'''

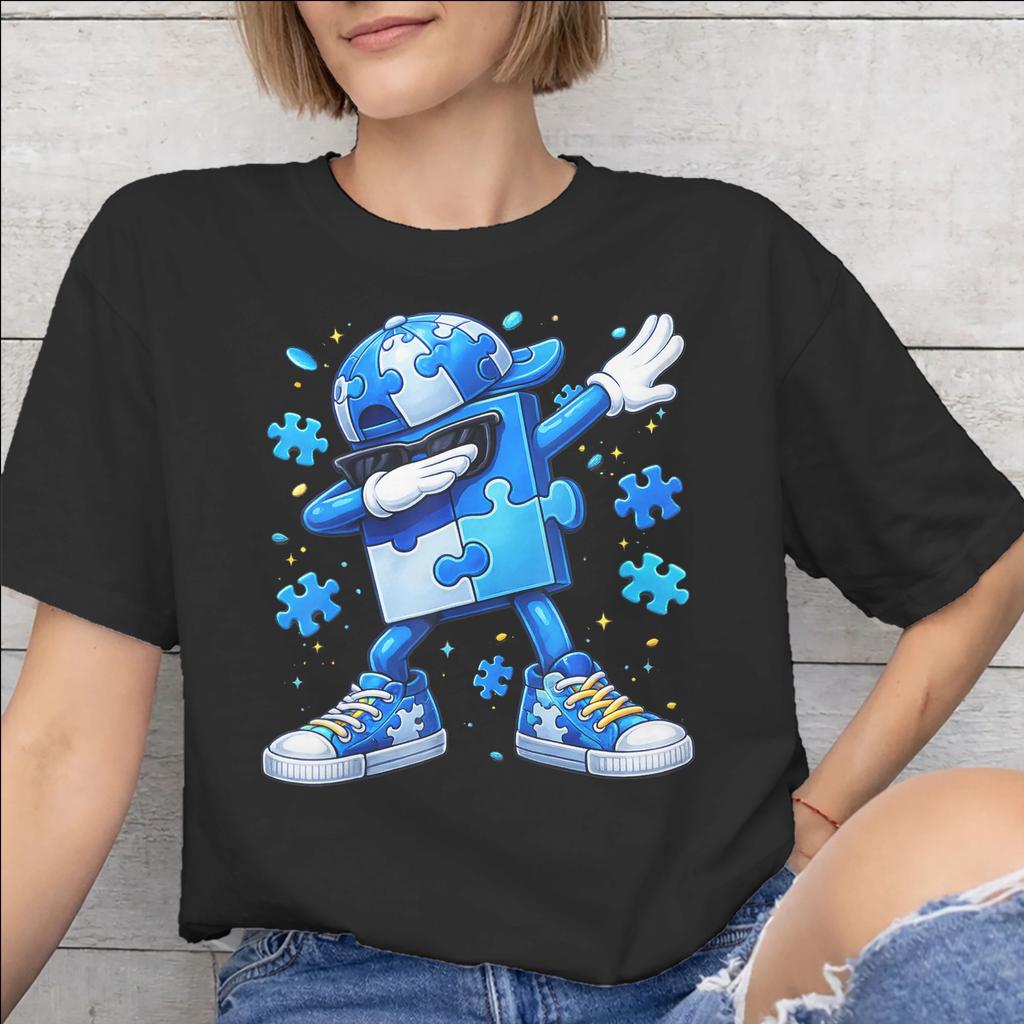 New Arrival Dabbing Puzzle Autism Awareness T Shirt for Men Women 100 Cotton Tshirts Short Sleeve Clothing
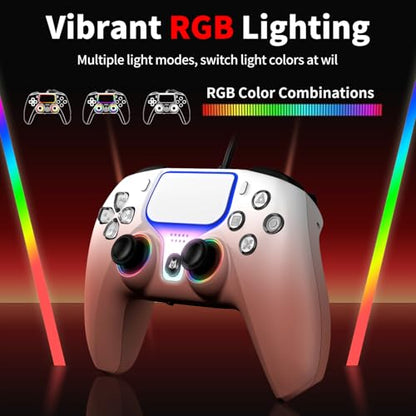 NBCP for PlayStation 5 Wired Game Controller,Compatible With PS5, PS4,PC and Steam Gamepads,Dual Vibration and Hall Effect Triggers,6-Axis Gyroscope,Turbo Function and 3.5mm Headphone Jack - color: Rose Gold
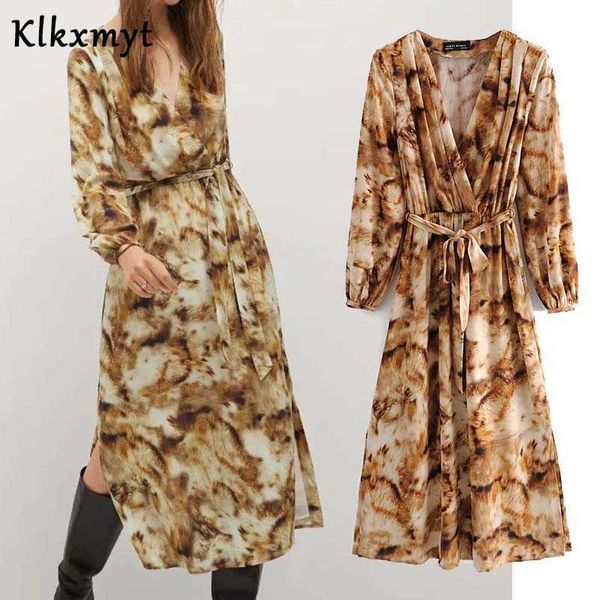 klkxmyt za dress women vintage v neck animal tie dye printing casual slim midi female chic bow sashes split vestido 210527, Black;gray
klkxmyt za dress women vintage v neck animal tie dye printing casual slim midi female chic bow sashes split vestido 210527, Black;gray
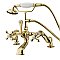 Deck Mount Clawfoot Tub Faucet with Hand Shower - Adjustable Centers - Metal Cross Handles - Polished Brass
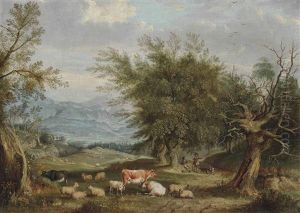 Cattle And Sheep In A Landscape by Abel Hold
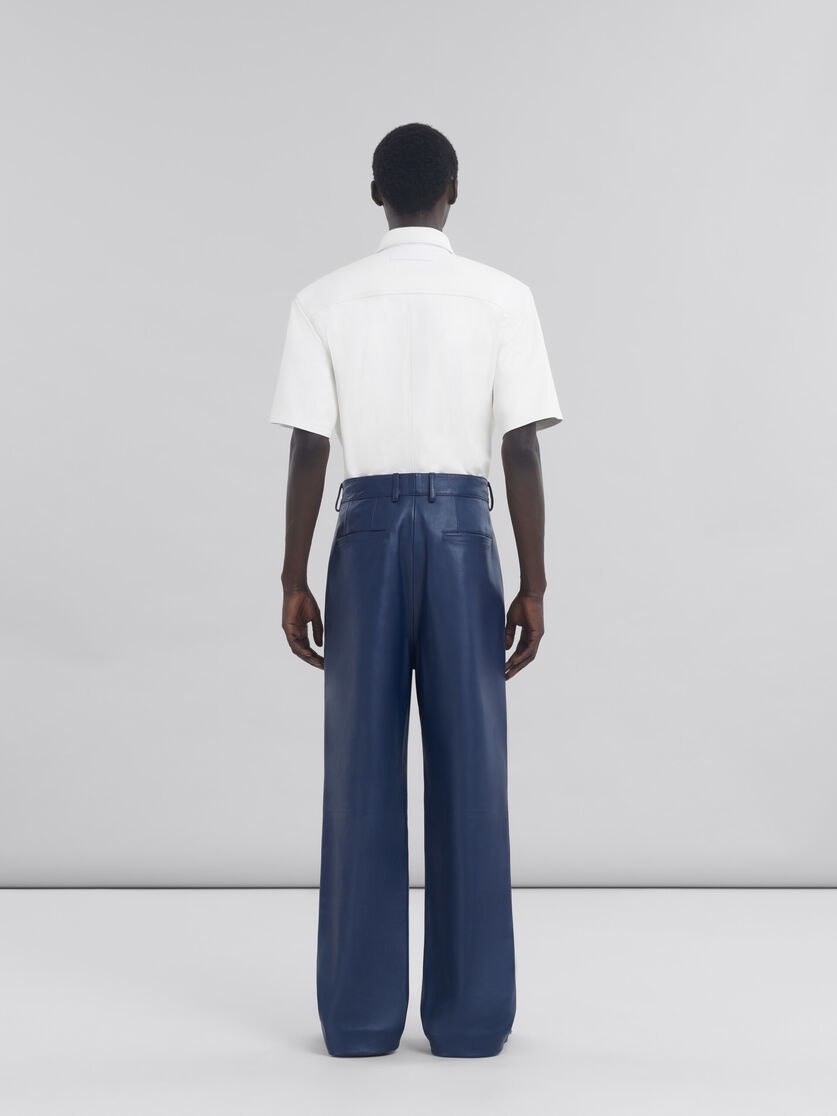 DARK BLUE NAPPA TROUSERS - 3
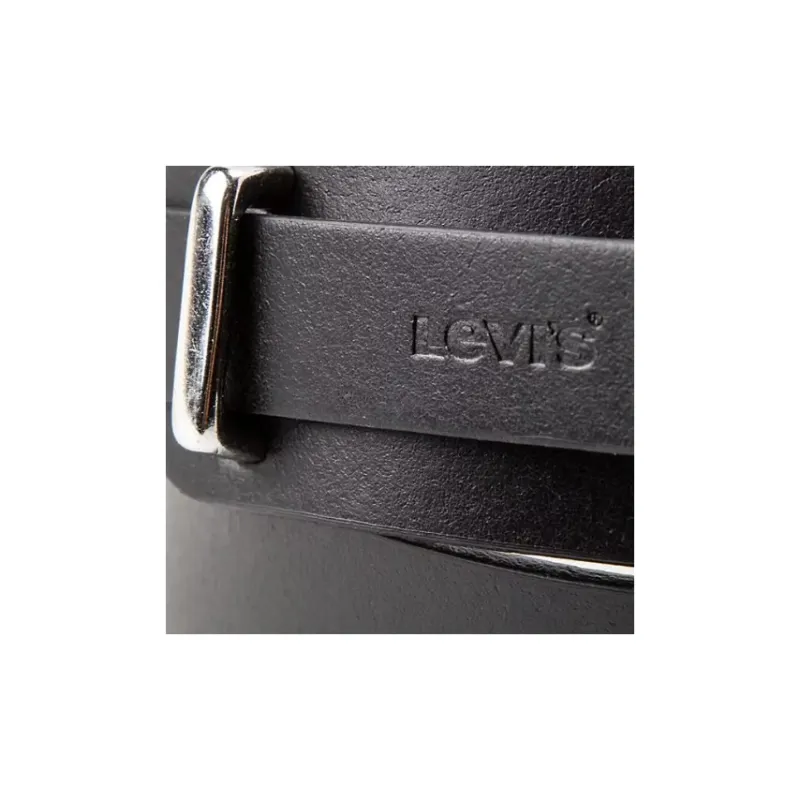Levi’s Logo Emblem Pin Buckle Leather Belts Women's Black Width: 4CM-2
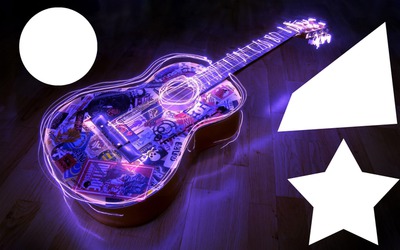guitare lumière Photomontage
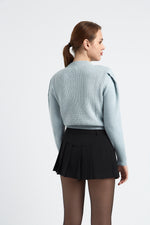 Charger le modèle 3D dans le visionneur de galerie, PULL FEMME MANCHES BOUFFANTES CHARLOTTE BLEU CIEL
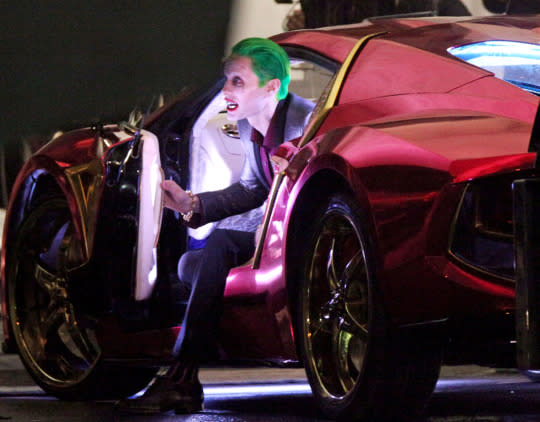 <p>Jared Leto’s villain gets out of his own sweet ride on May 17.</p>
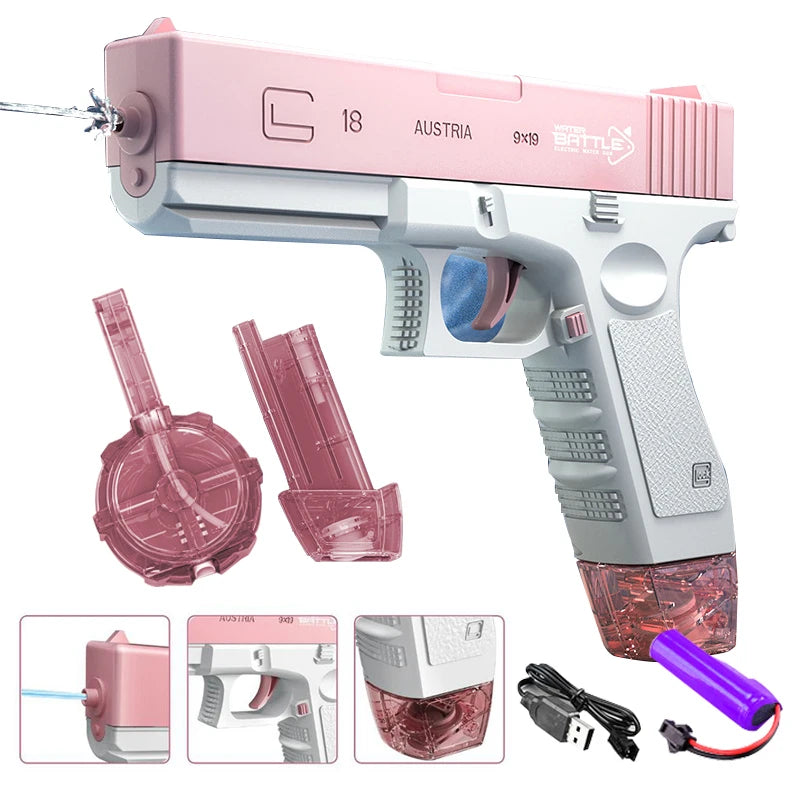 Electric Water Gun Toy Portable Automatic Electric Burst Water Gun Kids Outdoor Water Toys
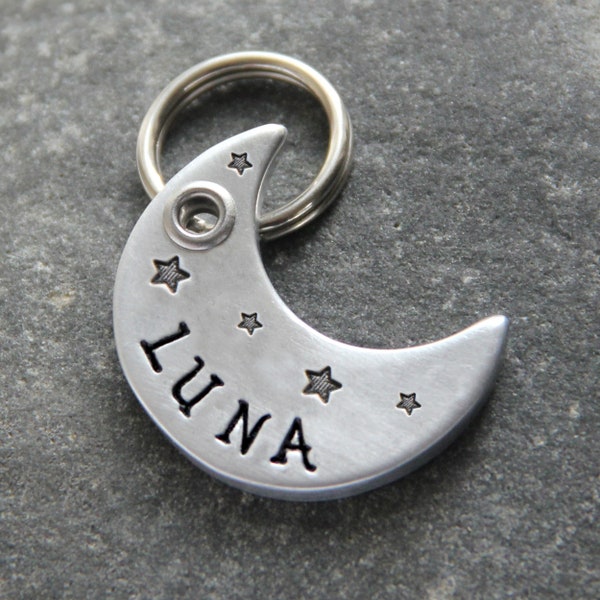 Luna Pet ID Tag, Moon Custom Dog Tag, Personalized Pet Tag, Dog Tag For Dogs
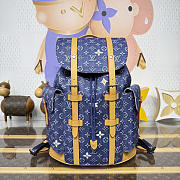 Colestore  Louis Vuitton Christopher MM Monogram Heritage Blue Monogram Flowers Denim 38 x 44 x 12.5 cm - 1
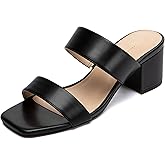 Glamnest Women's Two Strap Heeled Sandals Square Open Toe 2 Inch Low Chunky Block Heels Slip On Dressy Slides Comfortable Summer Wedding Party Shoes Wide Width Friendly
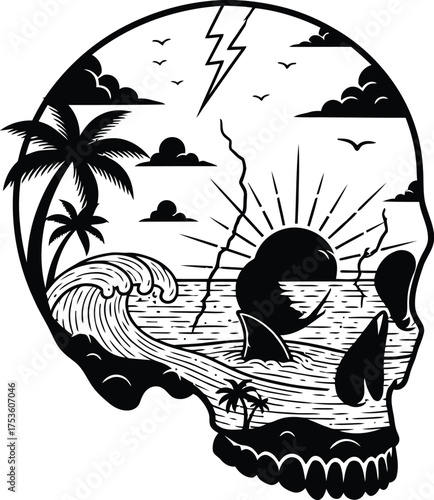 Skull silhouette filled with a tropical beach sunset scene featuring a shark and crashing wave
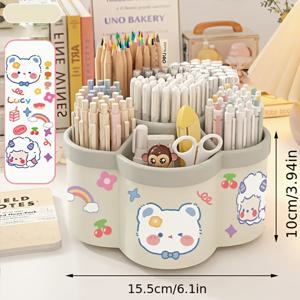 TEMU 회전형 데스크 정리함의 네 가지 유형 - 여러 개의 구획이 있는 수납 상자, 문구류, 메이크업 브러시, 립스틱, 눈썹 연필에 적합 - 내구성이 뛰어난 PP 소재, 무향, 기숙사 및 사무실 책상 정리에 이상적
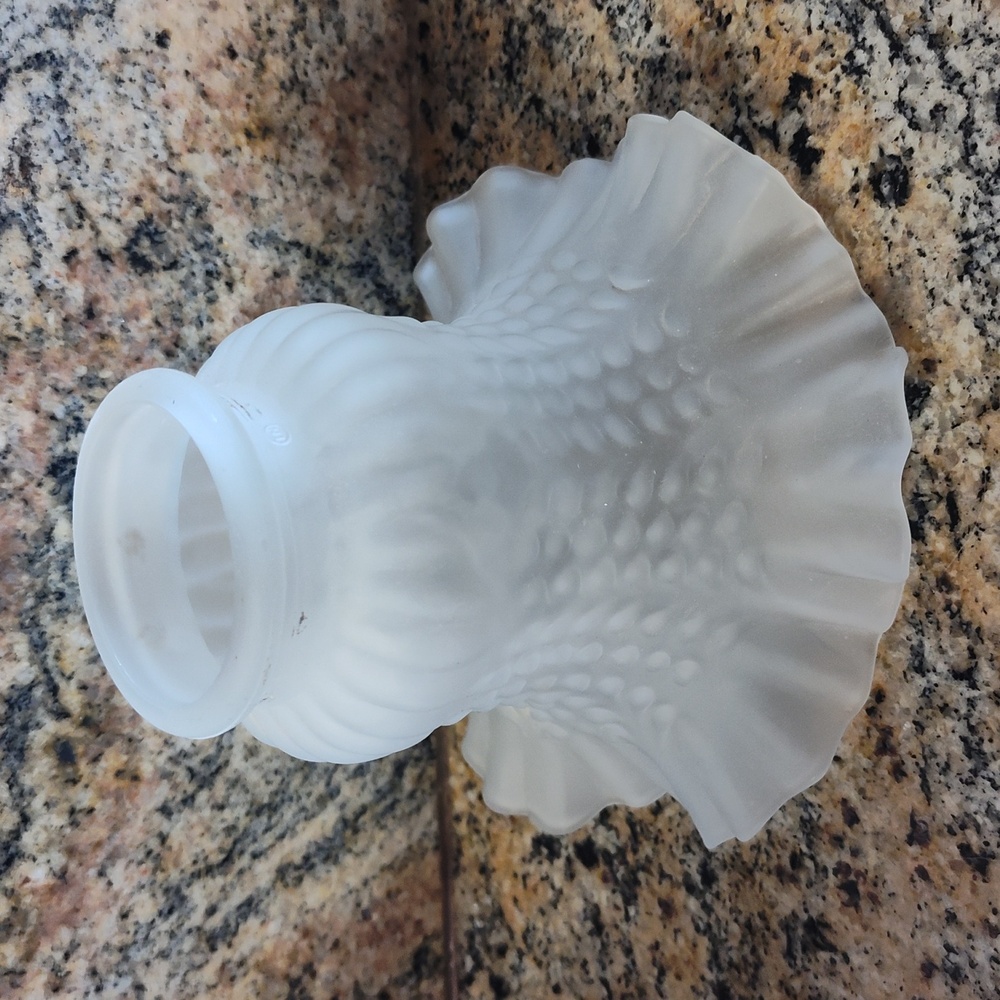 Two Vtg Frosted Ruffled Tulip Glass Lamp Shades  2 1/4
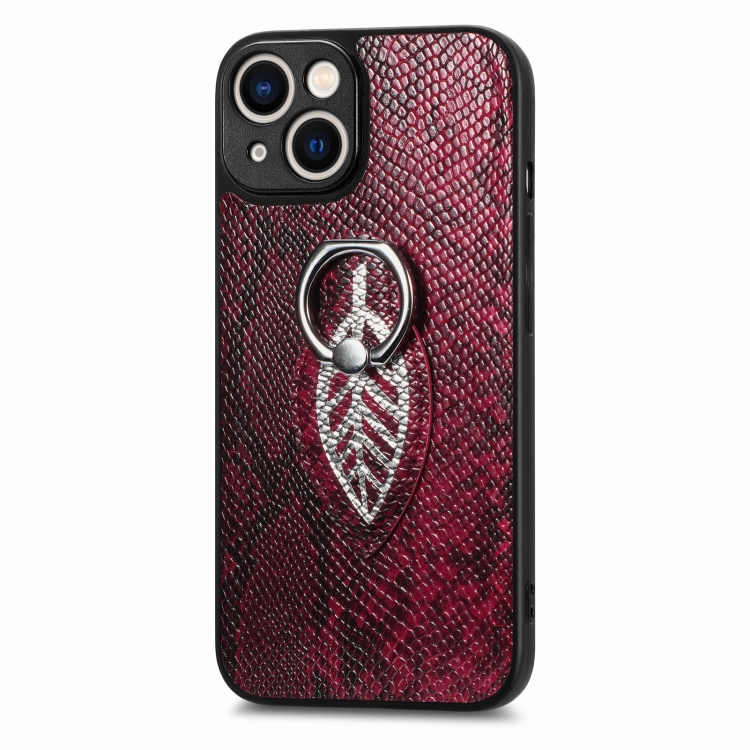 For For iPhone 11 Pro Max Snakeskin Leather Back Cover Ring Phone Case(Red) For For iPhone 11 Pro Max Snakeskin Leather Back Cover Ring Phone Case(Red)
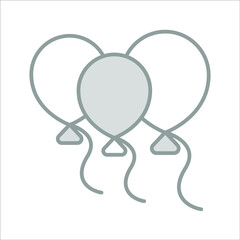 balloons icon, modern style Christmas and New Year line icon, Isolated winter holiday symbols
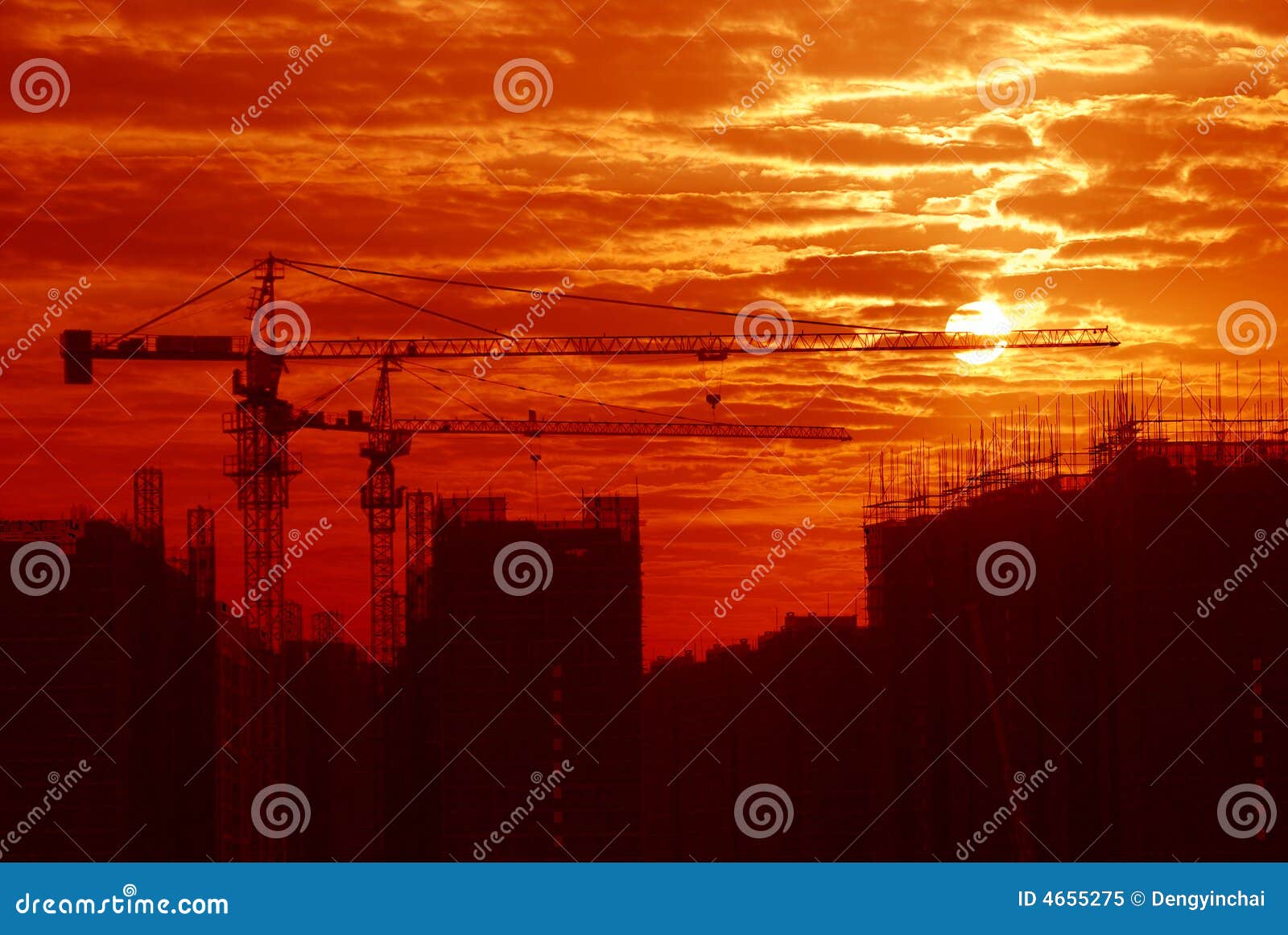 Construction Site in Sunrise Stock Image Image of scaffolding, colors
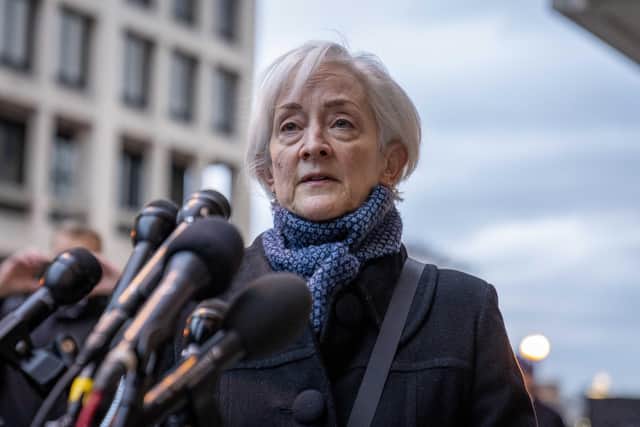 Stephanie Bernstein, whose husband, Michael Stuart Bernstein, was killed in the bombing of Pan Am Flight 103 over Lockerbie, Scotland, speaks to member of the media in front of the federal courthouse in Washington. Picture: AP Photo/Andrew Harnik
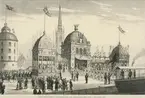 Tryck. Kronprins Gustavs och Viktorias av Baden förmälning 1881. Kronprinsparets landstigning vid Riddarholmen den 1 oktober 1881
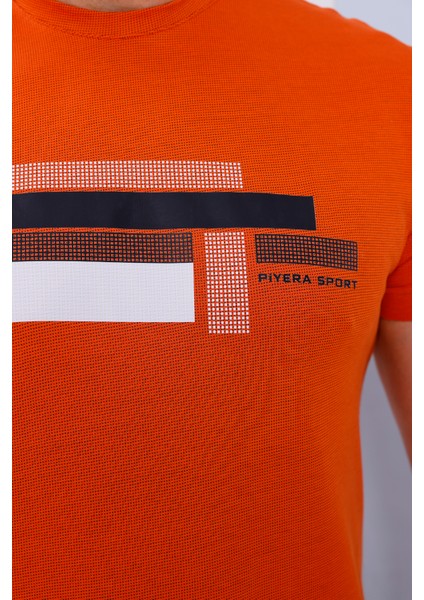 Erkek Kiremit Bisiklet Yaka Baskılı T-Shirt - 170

'''

Full transcription of the material, exact in every line, without images.

 New Arrival Dabbing Puzzle Autism Awareness T Shirt for Men Women 100 Cotton Tshirts Short Sleeve Clothing
 NBCP for PlayStation 5 Wired Game Controller,Compatible With PS5, PS4,PC and Steam Gamepads,Dual Vibration and Hall Effect Triggers,6-Axis Gyroscope,Turbo Function and 3.5mm Headphone Jack - color: Rose Gold
 klkxmyt za dress women vintage v neck animal tie dye printing casual slim midi female chic bow sashes split vestido 210527, Black;gray
klkxmyt za dress women vintage v neck animal tie dye printing casual slim midi female chic bow sashes split vestido 210527, Black;gray
 Deck Mount Clawfoot Tub Faucet with Hand Shower - Adjustable Centers - Metal Cross Handles - Polished Brass
 Cattle And Sheep In A Landscape by Abel Hold
 DARK BLUE NAPPA TROUSERS - 3
Levi’s Logo Emblem Pin Buckle Leather Belts Women's Black Width: 4CM-2
guitare lumière Photomontage
 Charger le modèle 3D dans le visionneur de galerie, PULL FEMME MANCHES BOUFFANTES CHARLOTTE BLEU CIEL
 <p>Jared Leto’s villain gets out of his own sweet ride on May 17.</p>
 Electric Water Gun Toy Portable Automatic Electric Burst Water Gun Kids Outdoor Water Toys
 Luna Pet ID Tag, Moon Custom Dog Tag, Personalized Pet Tag, Dog Tag For Dogs
 Colestore  Louis Vuitton Christopher MM Monogram Heritage Blue Monogram Flowers Denim 38 x 44 x 12.5 cm - 1
 Glamnest Women's Two Strap Heeled Sandals Square Open Toe 2 Inch Low Chunky Block Heels Slip On Dressy Slides Comfortable Summer Wedding Party Shoes Wide Width Friendly
 Skull silhouette filled with a tropical beach sunset scene featuring a shark and crashing wave
 TEMU 회전형 데스크 정리함의 네 가지 유형 - 여러 개의 구획이 있는 수납 상자, 문구류, 메이크업 브러시, 립스틱, 눈썹 연필에 적합 - 내구성이 뛰어난 PP 소재, 무향, 기숙사 및 사무실 책상 정리에 이상적
 Two Vtg Frosted Ruffled Tulip Glass Lamp Shades  2 1/4
 For For iPhone 11 Pro Max Snakeskin Leather Back Cover Ring Phone Case(Red) For For iPhone 11 Pro Max Snakeskin Leather Back Cover Ring Phone Case(Red)
 balloons icon, modern style Christmas and New Year line icon, Isolated winter holiday symbols
 Construction Site in Sunrise Stock Image Image of scaffolding, colors
 Stephanie Bernstein, whose husband, Michael Stuart Bernstein, was killed in the bombing of Pan Am Flight 103 over Lockerbie, Scotland, speaks to member of the media in front of the federal courthouse in Washington. Picture: AP Photo/Andrew Harnik
 Tryck. Kronprins Gustavs och Viktorias av Baden förmälning 1881. Kronprinsparets landstigning vid Riddarholmen den 1 oktober 1881
 Erkek Kiremit Bisiklet Yaka Baskılı T-Shirt - 170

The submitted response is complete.